Снимок используется в качестве иллюстрации. Фото: Gerd Altmann, Pixabay.com
Снимок используется в качестве иллюстрации. Фото: Gerd Altmann, pixabay.com

— В школе все знали, какая у меня мама. Когда было родительское собрание, одноклассники надо мной подшучивали, одни спрашивали: «Ты сегодня домой пойдешь?», другие предлагали пересидеть у них. Не зависимо от того, как я старалась в четверти, это все равно было недостаточно хорошо, — вспоминает Елизавета. — После собрания она всегда находила повод для наказания. Я даже не узнавала, что там про меня сказали, просто по ее лицу читала: «Хавайся».

Того, что дома мне влетает, я не скрывала и не стеснялась. Наоборот, обсуждала это с детьми, это была моя отдушина. К тому же в деревне и так все друг про друга все знают. Да и бывало, когда собирались на школьном стадионе, а она, например, ехала через него на работу, порой отпускала в мою сторону какой-нибудь колкий комментарий, вроде: «Если то-то сделаешь, убью» (смеется). Хотя я еще ничего не сделала.

Пыталась с бабушками решить этот вопрос. Но ее мать была такая же агрессивно-авторитарная. Дочь ее копия. А папина мама говорила: «Если что, приходи ко мне». Классе в восьмом-девятом я даже перебралась к ней на две недели, потому что не могла дома. Была нагрузка по учебе, и постоянные стрессы от того, что «ты опять недоделала уроки», «покажи дневник». У меня начались регулярные головные боли. Я не могла учиться. Когда уходила, мама швыряла мои вещи, а когда вернулась (у бабушки не было водопровода, туалет на улице), заявила: «Явилась не запылилась».

Папа же спокойно относился ко всему. Хочешь — это делай, хочешь — то, но помни: «Будешь отвечать за последствия». Сам он почти никогда не использовал физические наказания, но и маму не останавливал. У нас с ним не было душевных разговоров, только когда умерла бабушка и я почувствовала, что ему нужна поддержка, мы стали говорить. Тогда я и спросила, почему он за нас не вступался, он ответил: «Попробуй к ней полезь, еще и сам получишь». А нас было не жалко получается… Хотя он уверенный в себе человек. Но как будто не хотел вставать между двух огней. Я это не понимаю.

В подростковом возрасте, когда, видимо, гормоны начали действовать по-другому, я почувствовала в себе силу и значимость. С 15 лет стала ездить на попутках в соседний город, просто чтобы погулять и почувствовать себя чуть свободнее. Мама пыталась запрещать, но я знала, она на работе и ничего не может сделать. И я почувствовала какую-то власть. Закрывала дом и уезжала.
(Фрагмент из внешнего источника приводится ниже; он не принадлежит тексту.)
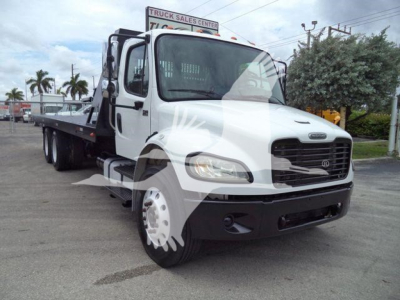 Truck showing white Freightliner M2 106 roll-off bed with dual rear wheels and flatbed area, front view, dealership lot.
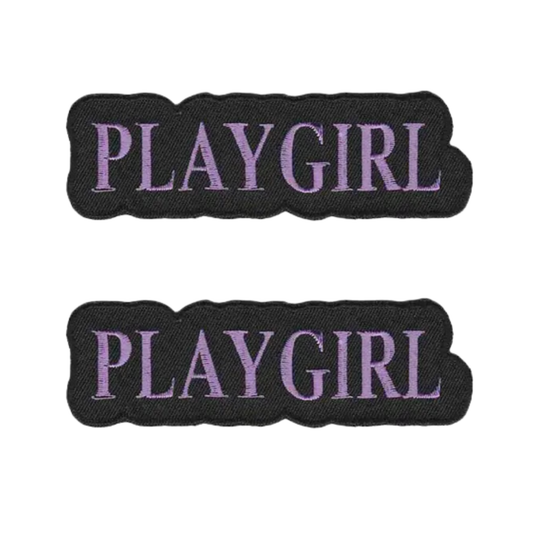 The LaughingLizards PLAYGIRL (2-Pack) Iron On Patch features two identical black patches with purple embroidery—ideal DIY accessories for your collection.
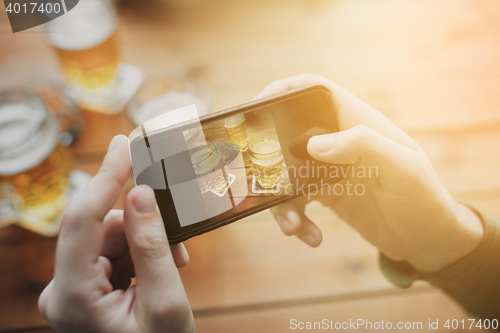 Image of close up of hands with smartphone picturing beer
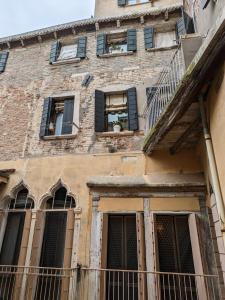 an old brick building with windows and a balcony at My Rialto Palace in Venice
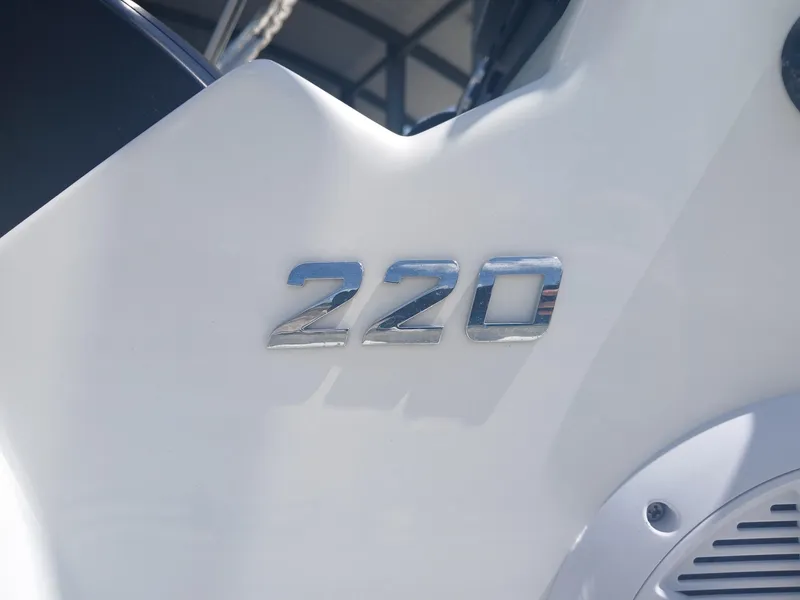 Slide: The Image of Close-up of Excel 220 model emblem on a white surface, 2022. - 11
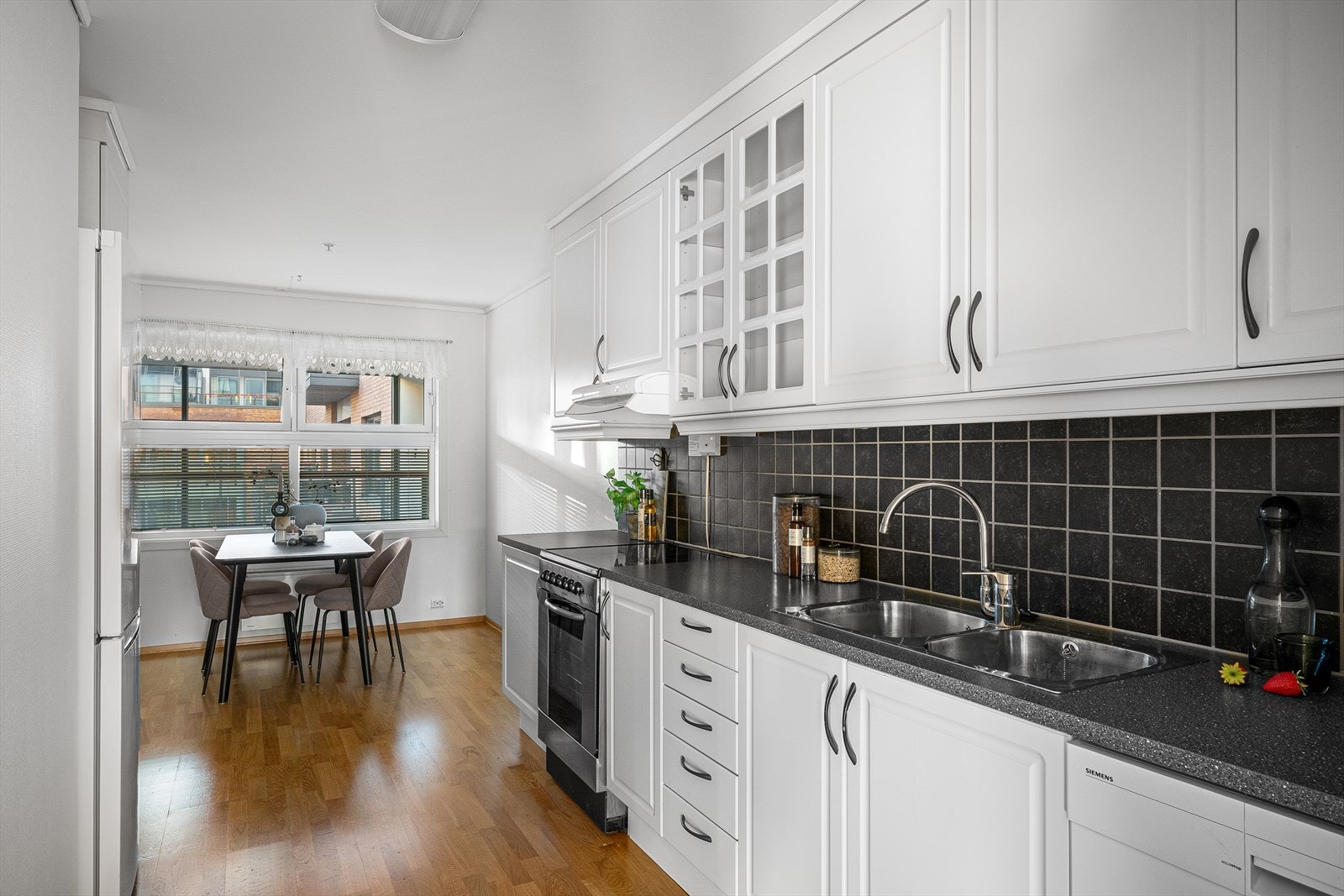 Kjøkkenet ligger tilbaketrukket fra stuen og er tidløst og pent med hvite, profilerte fronter. Her er det rikelig med både skap- og benkeplass. Fliser over benkeplaten. God plass til spisebord også på kjøkkenet i tillegg til i stuen Galleribilde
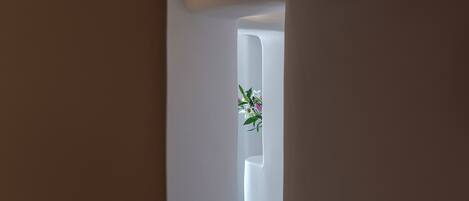 A narrow hallway with a white door at the end.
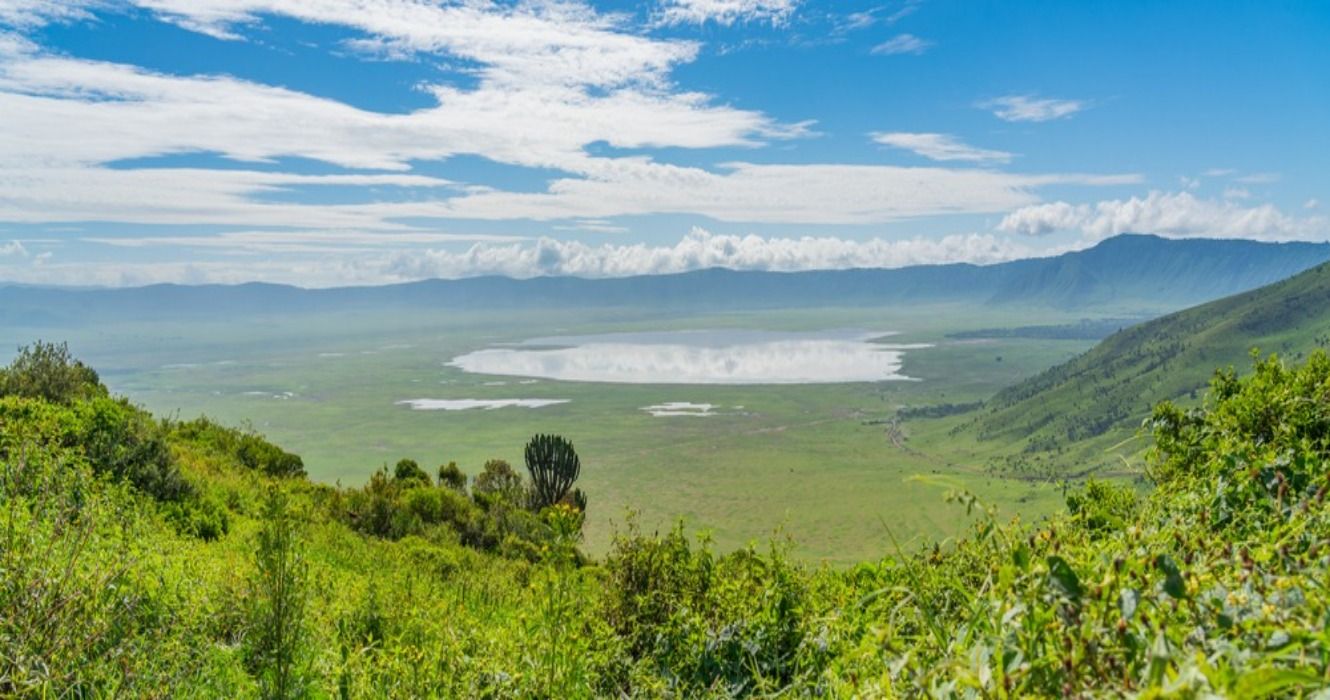 A scenic view over Ngorongoro Conservation Area, where Ngorongoro Crater is located - a large volcanic caldera and a wildlife reserve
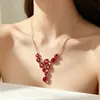 Conjunto de Cuatro Piezas de Collar, Pendientes, Anillo y Pulsera de Cristal Rojo y Azul de Alta Gama Europeo y Americano Transfronterizo con Baño de Oro Rosa para Mujer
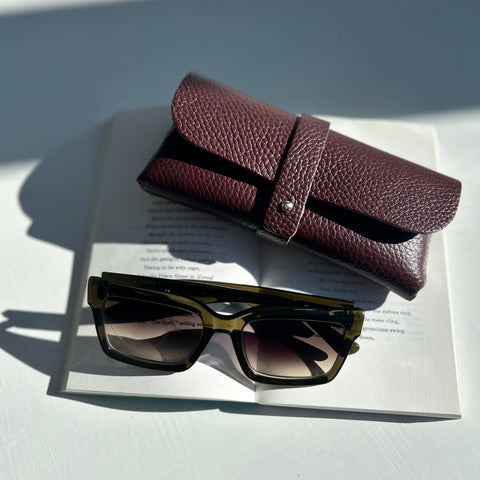 Sunglasses and brown leather case on an open book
К тому же в этот период стала понимать, скоро поступлю в университет и уеду. Осознавая, что дома осталось жить мало, старалась переключаться, гуляла. Был и алкоголь. Не горжусь собой, но это было. Порой гуляла до ночи. Знала, попадет, но просто хотелось прийти, когда все спят. Но она не спала, ждала, но не из-за того, что волновалась, а чтобы сорваться. Хотя в то время меня уже было сложно бить: я могла дать отпор или грубо огрызнуться. И она так не била, могла дать поджопник, пошманать.
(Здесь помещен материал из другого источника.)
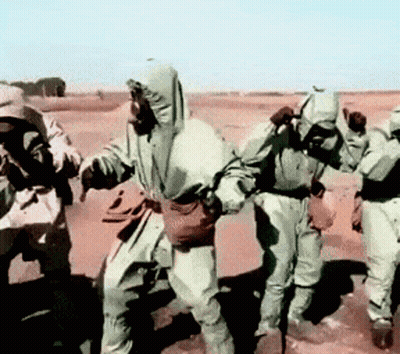 Soldiers Dancing in Desert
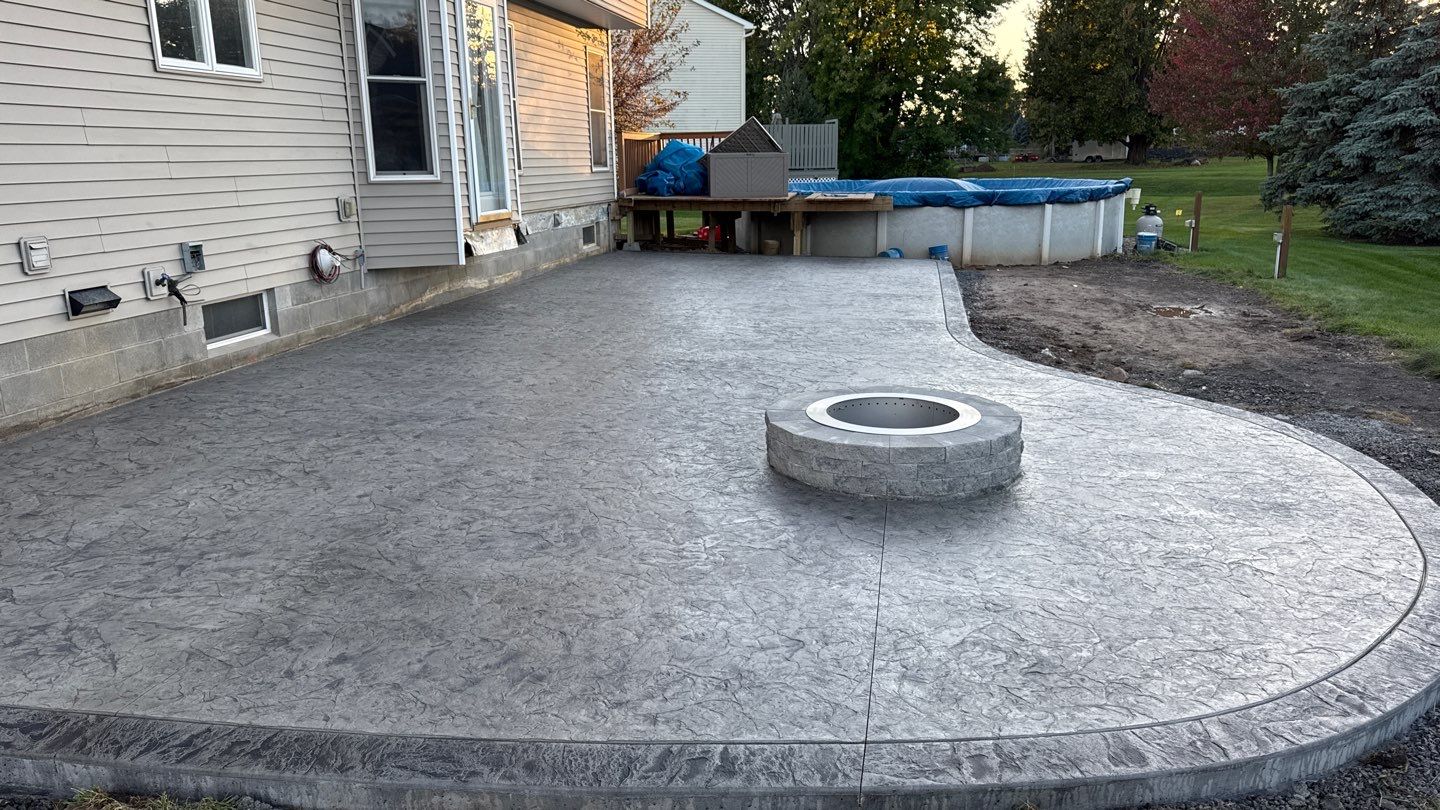 Oxford slate stamped concrete patio by NG Masonry & Construction LLC
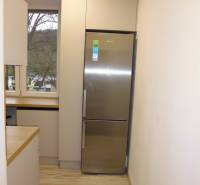 Küche mit Holzboden und Kühlschrank in einer 2-Zimmer-Wohnung.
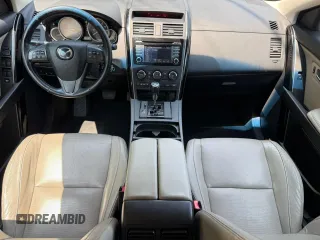 2014 Mazda CX-9 Touring с VIN JM3TB3CV2E0430544, выставлен на аукционе Copart как лот 65481395 с пробегом 135 785 миль миль и Чистый • Clean title. История ставок и продаж доступна на DreamBid. Изображение 9.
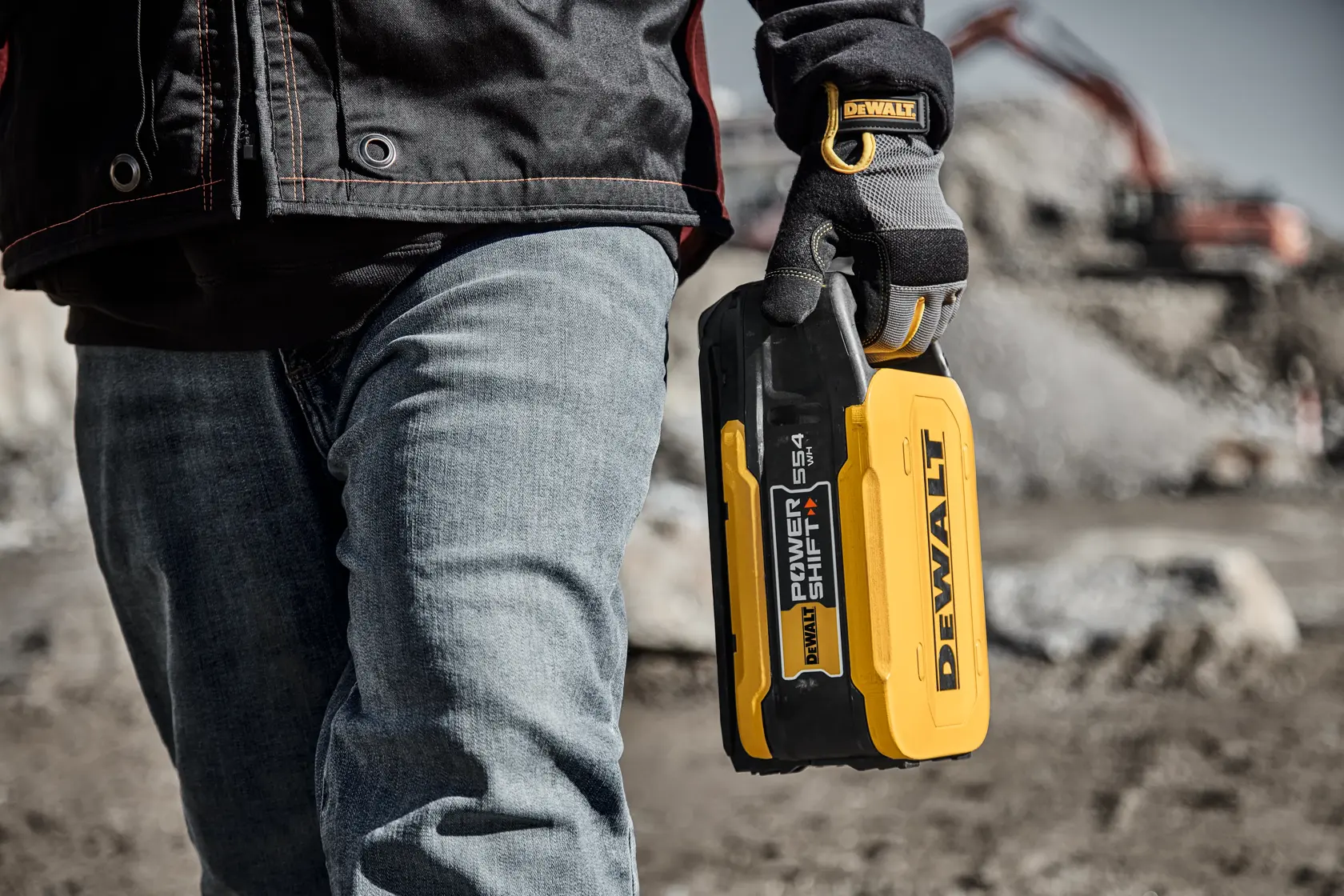 Person holding DEWALT DCBPS0554 battery outdoors at a construction site, wearing gloves and jeans.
Еще мне повезло, что родилась с сильным характером. Даже в школе учителю, директору парировала, приводила аргументы, доказывала мнение. Маме тоже, хотя понимала, если спорю, получу еще больше.
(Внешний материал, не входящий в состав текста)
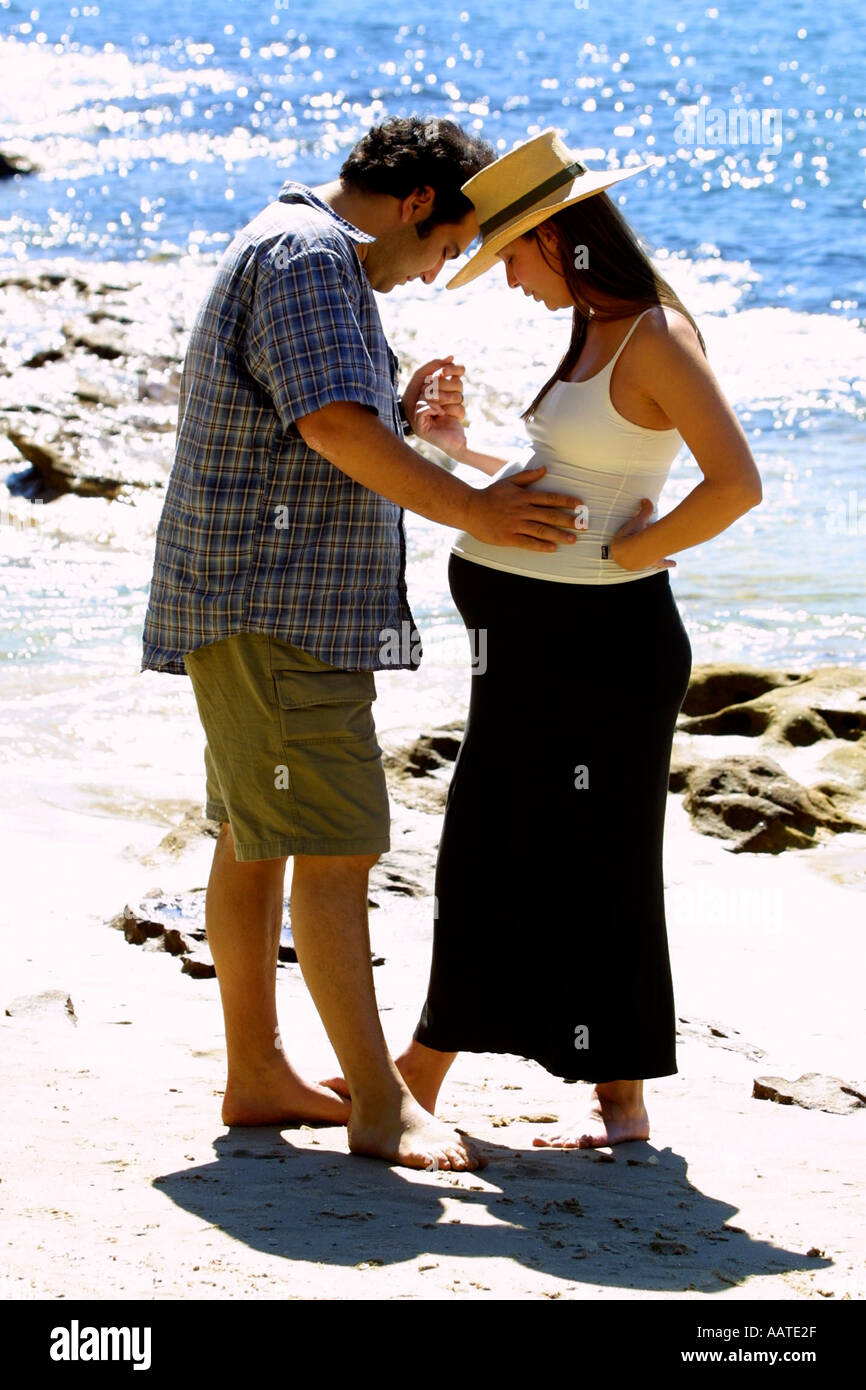 Man and woman embrace on beach Stock Photo - Alamy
Ближе к 17 годам физическое насилие с ее стороны прекратилось.

«Вся эта история меня закалила. Кажется, мне уже ничего не страшно»

Снимок используется в качестве иллюстрации. Фото: Liza Summer, pexels.com
Снимок используется в качестве иллюстрации. Фото: Liza Summer, pexels.com

— Сейчас мы с сестрой возим к ней детей, то только по острой необходимости и всегда просим: «Если такая-то ситуация, пусть ребенок звонит нам». А то маме хочется и за это их наказать, и то им запретить. Словно это что-то нереализованное свое. Обида на всех, — говорит Елизавета. — У нее рано родился тяжелобольной ребенок. Родственники требовали, чтобы она отдала его в детдом, она не согласилась. Малыш рано умер… Эта ситуация показывает, доброта у нее есть. Многим другим людям она помогает. Она из тех, кто отдаст последнюю рубашку и кусок хлеба.

Я ращу сына сама, когда было очень тяжело, звала на помощь маму. Она меня, конечно, прессовала, но помогала. Бывали ситуации, что из-за стресса я срывалась на малыша, могла легонько по попе шлепнуть, рассказывала ей, а она: «Так делать не нужно, это же просто ребенок». Я удивлялась: «Ты серьезно?» Было странно от нее такое слышать.

В то же время, даже сейчас, когда она приходит ко мне домой, первая фраза: «Даже одну кружку не могла из раковины убрать» или «Опять эти кошки с их шерстью».

Много раз мы с сестрой спрашивали, почему она с нами в детстве так поступала, она отвечала: «Потому что вы меня провоцировали и не слушались». Она не считает, что делала что-то плохо. Хотя, думаю, если бы в детстве меня так сильно не гнобили, я бы была успешнее.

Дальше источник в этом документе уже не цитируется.